I recently told of how my interest in sports would hardly be a blip on a radar screen. When the sports announcer comes on after the 10 p.m. news and weather, I turn off the television because he has nothing to say that I want to hear.
However, that does not mean I am not a competitive person. My mental abilities far exceed my physical ones.
In school I was the last one standing during spelling bees, and I can hold my own in a trivia contest as long as the questions are not about sports.
Competition promotes excellence, and everything improves because of competition.
The Iowa Cattlemen’s Association has an annual contest for the best hamburger in Iowa.
And of course, the Iowa Pork Producers have an annual contest seeking the best breaded pork tenderloin sandwich in the state.
Places are nominated and restaurants visited by judges to decide who are worthy of the list of the best.
The two organizations publish the results, and I put the restaurant names and addresses into my GPS so we can try these sandwiches for ourselves.
I recently learned that pork tenderloin sandwiches are found easily in Iowa and Indiana, but not so easily elsewhere.
My former-resident-of-Minnesota wife told me she had not heard of a tenderloin sandwich until she came to Iowa when we were dating.
To prove her point she recently asked her children (residents of Minnesota) if they knew what a tenderloin sandwich was and their answer was, “A what?”
Well, we will have to change that.
Tenderloin sandwiches prepared by my wife were served to our daughter-in-law and two grandchildren on a recent visit, and they became believers.
I believe a restaurant’s overall quality of its food can be measured by its hamburger.
Does the patty appear to be one of those pre-formed, frozen in bulk and heated in a microwave patties – yuck – or a thick, juicy patty served on a toasted bun?
The hamburgers that win Iowa’s best hamburger competition are direct opposites of the hamburgers served by fast food franchises.
Fast food works hard to create a consistent product so that where ever their sandwich is ordered, it will taste the same regardless of location.
Winners of the best hamburger and tenderloin sandwich competition are typically one-of-a-kind eating establishments, usually family owned and operated.
They take pride in the reputation sandwiches they serve, sandwiches that they have created over time to loyal customers who return and ask for what they had the last time they were there.
The pork producers and cattlemen are onto something here as this promotes their product, gets people to try their own taste tests by stopping at these local businesses, and besides, who can complain about be directed to good food?
My wife and I, accompanied by my sister, are in the beginning of our Iowa tenderloin tour.
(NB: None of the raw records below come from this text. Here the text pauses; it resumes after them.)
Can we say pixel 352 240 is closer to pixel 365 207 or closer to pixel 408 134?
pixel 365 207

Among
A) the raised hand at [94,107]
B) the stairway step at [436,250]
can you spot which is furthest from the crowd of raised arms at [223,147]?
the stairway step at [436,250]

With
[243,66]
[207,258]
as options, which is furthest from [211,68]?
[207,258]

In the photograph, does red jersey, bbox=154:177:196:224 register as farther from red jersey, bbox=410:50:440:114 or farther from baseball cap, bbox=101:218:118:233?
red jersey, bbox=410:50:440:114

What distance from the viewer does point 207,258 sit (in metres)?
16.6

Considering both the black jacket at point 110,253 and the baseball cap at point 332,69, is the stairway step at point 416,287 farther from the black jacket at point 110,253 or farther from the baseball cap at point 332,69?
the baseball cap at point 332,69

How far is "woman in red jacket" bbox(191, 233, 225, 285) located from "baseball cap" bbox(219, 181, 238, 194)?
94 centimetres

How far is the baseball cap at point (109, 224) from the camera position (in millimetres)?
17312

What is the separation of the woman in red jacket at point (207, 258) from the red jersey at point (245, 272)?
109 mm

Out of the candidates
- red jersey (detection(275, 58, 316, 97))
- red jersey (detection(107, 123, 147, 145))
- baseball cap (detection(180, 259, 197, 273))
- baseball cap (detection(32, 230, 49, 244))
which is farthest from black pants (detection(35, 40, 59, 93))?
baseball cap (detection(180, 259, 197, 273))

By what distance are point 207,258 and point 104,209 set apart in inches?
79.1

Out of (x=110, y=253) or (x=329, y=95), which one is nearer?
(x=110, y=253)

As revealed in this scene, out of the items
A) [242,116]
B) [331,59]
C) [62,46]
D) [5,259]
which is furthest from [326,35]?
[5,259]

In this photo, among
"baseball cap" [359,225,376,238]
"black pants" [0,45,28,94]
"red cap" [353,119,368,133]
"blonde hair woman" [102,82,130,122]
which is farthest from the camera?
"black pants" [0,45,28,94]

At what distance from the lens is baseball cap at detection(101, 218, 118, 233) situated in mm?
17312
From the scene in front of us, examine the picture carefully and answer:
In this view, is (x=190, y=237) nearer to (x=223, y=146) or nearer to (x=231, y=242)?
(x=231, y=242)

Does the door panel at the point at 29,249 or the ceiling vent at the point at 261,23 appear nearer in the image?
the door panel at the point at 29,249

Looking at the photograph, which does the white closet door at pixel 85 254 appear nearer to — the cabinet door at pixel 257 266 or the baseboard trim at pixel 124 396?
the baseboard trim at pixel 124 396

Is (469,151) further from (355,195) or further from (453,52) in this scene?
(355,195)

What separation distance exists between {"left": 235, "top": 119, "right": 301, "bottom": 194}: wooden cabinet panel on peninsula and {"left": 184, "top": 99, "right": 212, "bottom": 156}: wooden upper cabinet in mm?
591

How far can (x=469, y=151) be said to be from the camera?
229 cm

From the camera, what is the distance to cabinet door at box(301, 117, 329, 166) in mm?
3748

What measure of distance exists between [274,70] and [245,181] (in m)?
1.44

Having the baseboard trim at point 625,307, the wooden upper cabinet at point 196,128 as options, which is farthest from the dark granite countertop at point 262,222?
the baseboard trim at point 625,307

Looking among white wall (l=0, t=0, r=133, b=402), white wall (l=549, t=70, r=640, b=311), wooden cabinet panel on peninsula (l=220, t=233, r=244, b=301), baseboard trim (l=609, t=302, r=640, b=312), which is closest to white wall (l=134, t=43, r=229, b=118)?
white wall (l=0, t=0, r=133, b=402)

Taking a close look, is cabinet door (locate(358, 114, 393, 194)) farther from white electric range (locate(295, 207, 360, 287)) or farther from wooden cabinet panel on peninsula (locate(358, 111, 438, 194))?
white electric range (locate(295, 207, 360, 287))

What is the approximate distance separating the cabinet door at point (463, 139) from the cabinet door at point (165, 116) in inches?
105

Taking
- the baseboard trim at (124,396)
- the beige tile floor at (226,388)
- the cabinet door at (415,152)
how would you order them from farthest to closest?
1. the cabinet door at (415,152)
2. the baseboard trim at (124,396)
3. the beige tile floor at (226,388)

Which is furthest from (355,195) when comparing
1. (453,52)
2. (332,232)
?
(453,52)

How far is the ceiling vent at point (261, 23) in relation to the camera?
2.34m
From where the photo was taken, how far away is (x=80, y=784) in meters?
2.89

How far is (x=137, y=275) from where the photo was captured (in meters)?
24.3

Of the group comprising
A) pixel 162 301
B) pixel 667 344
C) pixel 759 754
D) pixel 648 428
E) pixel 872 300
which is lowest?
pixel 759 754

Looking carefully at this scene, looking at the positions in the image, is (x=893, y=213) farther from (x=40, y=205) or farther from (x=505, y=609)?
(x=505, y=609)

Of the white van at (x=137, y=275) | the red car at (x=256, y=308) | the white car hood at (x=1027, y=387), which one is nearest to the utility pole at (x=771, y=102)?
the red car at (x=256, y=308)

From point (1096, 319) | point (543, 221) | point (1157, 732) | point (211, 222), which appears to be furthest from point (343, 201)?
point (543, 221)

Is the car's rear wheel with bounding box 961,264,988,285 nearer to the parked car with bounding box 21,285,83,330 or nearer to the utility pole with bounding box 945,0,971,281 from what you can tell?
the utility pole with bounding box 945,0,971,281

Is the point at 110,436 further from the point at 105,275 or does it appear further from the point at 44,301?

How good is that going to be?
Reflecting today’s fondness of social media, when we are served our sandwiches, before eating them, we photograph them, tell people where we are, and upon completion, post our opinion.
Our tour is not limited to the names on the lists of best sandwiches. Maybe we will hear of, or find, that local out-of-the-way place that, in our opinion, serves the ultimate hamburger or pork tenderloin.
We have also discovered that people we meet and places we see along the way are just as enjoyable as the food.
Whoever said the judges’ decision is final?